The actor would have consented for any number of weddings.
“What a notion for a vaudeville or an operetta!” he exclaimed. “We have the Mariage au tambour, the Mariage aux olives, the Mariage aux lanternes—well, this will be the Mariage en railway, or the Marriage by Steam! Good titles, all those, Monsieur Claudius! Your Yankee can reckon on me! Witness old or young, noble father or first lover, marquis or peasant, as you like, I am equal to it——”
“Be natural, please,” said I. “It will have a good effect, considering the scenery.”
“Is Madame Caterna to come to the wedding?”
“Why not—-as bridesmaid!”
In all that concerns the traditional functions we must have no difficulties on the Grand Transasiatic.
It is too late for the ceremony to take place to-day. Ephrinell understood that certain conventionalities must be complied with. The celebration could take place in the morning. The passengers could all be invited, and Faruskiar might be prevailed on to honor the affair with his presence.

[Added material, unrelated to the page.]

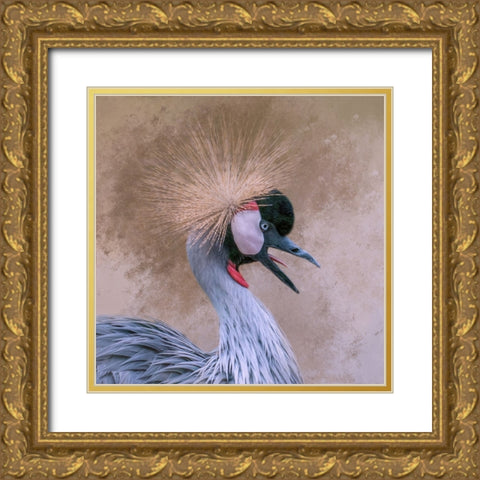 Crowned Gold Ornate Wood Framed Art Print with Double Matting by Parker, Kelley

During dinner we talked of nothing else. After congratulating the happy couple, who replied with true Anglo-Saxon grace, we all promised to sign the marriage contract.
“And we will do honor to your signatures,” said Ephrinell, in the tone of a tradesman accepting a bill.
The night came, and we retired, to dream of the marriage festivities of the morrow. I took my usual stroll into the car occupied by the Chinese soldiers, and found the treasure of the Son of Heaven faithfully guarded. Half the detachment were awake and half were asleep.
About one o’clock in the morning I visited Kinko, and handed him over my purchases at Nia. The young Roumanian was in high spirits. He anticipated no further obstacles, he would reach port safely, after all.
“I am getting quite fat in this box,” he told me.
I told him about the Ephrinell-Bluett marriage, and how the union was to be celebrated next morning with great pomp.
“Ah!” said he, with a sigh. “They are not obliged to wait until they reach Pekin!”
“Quite so, Kinko; but it seems to me that a marriage under such conditions is not likely to be lasting! But after all, that is the couple’s lookout.”
At three o’clock in the morning we stopped forty minutes at Tchertchen, almost at the foot of the ramifications of the Kuen Lun. None of us had seen this miserable, desolate country, treeless and verdureless, which the railway was now crossing on its road to the northeast.
Day came; our train ran the four hundred kilometres between Tchertchen and Tcharkalyk, while the sun caressed with its rays the immense plain, glittering in its saline efflorescences.